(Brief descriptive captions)
____

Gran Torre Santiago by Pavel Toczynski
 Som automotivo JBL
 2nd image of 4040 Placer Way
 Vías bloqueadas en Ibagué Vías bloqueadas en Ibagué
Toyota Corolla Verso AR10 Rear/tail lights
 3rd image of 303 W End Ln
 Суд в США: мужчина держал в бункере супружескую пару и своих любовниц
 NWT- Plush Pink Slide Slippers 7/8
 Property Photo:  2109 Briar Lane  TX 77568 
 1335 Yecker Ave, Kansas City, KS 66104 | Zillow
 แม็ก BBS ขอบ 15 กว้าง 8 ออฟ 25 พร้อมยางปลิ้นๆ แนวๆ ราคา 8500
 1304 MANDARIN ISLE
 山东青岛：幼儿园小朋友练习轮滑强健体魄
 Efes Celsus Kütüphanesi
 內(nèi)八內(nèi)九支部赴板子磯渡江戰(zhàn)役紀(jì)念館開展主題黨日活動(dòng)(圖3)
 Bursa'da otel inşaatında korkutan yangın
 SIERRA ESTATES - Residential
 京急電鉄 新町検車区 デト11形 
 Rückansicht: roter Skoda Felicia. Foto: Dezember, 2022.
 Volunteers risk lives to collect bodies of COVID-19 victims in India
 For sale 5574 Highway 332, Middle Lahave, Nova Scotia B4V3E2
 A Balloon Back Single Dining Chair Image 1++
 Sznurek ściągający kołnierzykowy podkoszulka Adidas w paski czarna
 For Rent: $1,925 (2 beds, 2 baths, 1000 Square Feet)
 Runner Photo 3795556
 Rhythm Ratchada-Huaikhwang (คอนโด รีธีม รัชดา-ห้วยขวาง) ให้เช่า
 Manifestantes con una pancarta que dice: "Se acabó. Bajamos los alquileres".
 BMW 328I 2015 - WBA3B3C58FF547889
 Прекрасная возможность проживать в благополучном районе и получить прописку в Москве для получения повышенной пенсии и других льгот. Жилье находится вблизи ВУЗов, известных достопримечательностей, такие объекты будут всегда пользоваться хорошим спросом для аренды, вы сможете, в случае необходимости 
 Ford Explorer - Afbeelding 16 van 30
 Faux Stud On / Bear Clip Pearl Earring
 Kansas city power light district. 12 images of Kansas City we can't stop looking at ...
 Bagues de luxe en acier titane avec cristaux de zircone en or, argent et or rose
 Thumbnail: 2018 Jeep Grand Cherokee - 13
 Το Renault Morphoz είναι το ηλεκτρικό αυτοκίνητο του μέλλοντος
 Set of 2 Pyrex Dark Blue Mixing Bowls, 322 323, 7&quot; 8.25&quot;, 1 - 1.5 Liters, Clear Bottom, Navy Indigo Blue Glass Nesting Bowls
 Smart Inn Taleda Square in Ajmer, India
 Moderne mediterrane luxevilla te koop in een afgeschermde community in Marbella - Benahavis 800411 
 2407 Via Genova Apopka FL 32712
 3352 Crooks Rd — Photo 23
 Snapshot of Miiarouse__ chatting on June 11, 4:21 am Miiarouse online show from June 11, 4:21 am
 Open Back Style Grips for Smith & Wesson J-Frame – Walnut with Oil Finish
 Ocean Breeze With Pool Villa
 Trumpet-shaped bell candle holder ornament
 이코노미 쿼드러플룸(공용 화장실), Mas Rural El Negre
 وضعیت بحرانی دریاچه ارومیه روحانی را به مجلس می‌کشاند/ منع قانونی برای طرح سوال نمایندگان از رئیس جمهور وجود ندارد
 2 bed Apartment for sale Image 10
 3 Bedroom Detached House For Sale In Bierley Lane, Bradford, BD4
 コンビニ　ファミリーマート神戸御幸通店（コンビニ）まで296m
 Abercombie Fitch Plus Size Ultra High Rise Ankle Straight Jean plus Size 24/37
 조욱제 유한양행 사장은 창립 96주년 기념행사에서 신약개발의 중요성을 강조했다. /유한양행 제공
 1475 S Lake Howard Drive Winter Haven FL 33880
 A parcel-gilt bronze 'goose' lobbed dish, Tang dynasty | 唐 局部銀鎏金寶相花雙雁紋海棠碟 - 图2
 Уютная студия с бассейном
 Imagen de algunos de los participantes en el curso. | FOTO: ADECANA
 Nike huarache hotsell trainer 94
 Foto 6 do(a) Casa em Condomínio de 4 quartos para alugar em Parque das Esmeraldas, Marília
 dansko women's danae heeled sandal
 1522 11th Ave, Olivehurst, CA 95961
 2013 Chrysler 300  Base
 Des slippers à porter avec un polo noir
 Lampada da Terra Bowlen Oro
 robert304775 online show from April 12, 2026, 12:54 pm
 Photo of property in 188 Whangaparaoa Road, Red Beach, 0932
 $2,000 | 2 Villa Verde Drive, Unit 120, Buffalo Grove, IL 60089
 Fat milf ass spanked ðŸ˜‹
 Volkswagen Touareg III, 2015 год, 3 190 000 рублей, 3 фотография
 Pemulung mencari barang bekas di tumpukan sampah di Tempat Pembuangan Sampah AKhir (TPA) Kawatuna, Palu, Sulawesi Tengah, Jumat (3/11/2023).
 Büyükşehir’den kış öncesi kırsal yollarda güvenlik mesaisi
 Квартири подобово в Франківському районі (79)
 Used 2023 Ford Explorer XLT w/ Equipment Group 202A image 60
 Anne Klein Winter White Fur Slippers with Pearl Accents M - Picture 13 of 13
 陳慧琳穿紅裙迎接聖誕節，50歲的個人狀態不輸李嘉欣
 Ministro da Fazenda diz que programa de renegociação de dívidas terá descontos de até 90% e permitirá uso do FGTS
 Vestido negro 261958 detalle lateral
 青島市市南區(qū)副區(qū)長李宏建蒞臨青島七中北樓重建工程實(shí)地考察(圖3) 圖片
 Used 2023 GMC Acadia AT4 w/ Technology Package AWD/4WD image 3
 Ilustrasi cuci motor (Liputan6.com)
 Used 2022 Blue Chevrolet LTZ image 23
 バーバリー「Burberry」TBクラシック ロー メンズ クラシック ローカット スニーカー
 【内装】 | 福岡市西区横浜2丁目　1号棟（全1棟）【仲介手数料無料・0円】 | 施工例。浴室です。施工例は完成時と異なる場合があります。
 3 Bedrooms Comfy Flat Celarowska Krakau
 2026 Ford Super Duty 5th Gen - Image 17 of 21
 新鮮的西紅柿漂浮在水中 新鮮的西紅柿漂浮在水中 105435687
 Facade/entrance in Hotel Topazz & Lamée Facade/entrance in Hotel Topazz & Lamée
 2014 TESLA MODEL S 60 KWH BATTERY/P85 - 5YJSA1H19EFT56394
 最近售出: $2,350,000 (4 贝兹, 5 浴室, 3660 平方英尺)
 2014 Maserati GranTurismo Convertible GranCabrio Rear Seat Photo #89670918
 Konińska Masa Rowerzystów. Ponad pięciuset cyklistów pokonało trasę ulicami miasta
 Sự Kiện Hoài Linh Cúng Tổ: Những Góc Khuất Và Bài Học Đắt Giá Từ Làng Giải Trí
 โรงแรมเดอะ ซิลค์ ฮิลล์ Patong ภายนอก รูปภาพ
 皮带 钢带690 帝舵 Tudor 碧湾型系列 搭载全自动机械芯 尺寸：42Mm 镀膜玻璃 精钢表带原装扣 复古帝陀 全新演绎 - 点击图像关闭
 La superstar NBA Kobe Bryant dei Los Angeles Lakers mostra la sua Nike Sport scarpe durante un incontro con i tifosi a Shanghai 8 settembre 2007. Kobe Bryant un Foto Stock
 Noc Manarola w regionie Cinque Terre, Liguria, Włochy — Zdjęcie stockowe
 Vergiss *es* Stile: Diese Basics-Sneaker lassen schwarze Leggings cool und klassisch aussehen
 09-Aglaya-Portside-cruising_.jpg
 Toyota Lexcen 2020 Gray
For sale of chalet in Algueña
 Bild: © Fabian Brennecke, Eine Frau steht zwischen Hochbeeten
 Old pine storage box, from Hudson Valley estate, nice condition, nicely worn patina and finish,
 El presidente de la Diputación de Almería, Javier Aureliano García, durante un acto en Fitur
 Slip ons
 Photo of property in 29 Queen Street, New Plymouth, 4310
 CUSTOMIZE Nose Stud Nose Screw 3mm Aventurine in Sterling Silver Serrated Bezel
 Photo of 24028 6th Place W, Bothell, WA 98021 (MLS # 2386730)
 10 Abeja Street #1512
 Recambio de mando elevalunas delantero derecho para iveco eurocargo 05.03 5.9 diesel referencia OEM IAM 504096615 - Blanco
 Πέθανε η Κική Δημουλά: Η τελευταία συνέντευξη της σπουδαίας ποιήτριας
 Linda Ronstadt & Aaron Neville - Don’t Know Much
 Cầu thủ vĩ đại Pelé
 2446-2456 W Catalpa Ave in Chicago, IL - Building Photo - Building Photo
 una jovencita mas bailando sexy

____

**AIM OF THE TASK**:
Up to and including the line that holds "3rd image of 303 W End Ln", reproduce the records above exactly from their first line, and give nothing else.

**OUTPUT FOR THIS EXERCISE**:
Gran Torre Santiago by Pavel Toczynski
 Som automotivo JBL
 2nd image of 4040 Placer Way
 Vías bloqueadas en Ibagué Vías bloqueadas en Ibagué
Toyota Corolla Verso AR10 Rear/tail lights
 3rd image of 303 W End Ln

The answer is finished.